PROVIDED INFORMATION →
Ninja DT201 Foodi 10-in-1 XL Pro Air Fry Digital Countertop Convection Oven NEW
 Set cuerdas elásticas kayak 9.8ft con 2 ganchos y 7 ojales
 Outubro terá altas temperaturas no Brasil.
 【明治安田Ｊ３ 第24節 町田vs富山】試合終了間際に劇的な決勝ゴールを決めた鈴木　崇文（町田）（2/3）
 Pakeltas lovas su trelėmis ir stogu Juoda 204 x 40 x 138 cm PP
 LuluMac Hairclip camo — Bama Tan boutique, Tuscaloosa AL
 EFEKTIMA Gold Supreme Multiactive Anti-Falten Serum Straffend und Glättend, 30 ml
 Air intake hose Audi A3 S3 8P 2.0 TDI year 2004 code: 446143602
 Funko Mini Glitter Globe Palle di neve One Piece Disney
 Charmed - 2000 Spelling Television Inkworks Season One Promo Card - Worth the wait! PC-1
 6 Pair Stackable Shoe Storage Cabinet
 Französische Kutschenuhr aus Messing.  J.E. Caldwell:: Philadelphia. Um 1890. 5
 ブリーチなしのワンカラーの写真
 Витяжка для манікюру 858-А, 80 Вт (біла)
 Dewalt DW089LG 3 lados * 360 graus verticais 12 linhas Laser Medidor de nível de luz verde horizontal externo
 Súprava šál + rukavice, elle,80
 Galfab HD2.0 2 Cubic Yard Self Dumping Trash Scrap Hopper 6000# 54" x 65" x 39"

TASK TO COMPLETE →
From the line with "Charmed - 2000" to the final line of the listing, write out each line unchanged. Add nothing.

RESULT OF THIS TASK →
 Charmed - 2000 Spelling Television Inkworks Season One Promo Card - Worth the wait! PC-1
 6 Pair Stackable Shoe Storage Cabinet
 Französische Kutschenuhr aus Messing.  J.E. Caldwell:: Philadelphia. Um 1890. 5
 ブリーチなしのワンカラーの写真
 Витяжка для манікюру 858-А, 80 Вт (біла)
 Dewalt DW089LG 3 lados * 360 graus verticais 12 linhas Laser Medidor de nível de luz verde horizontal externo
 Súprava šál + rukavice, elle,80
 Galfab HD2.0 2 Cubic Yard Self Dumping Trash Scrap Hopper 6000# 54" x 65" x 39"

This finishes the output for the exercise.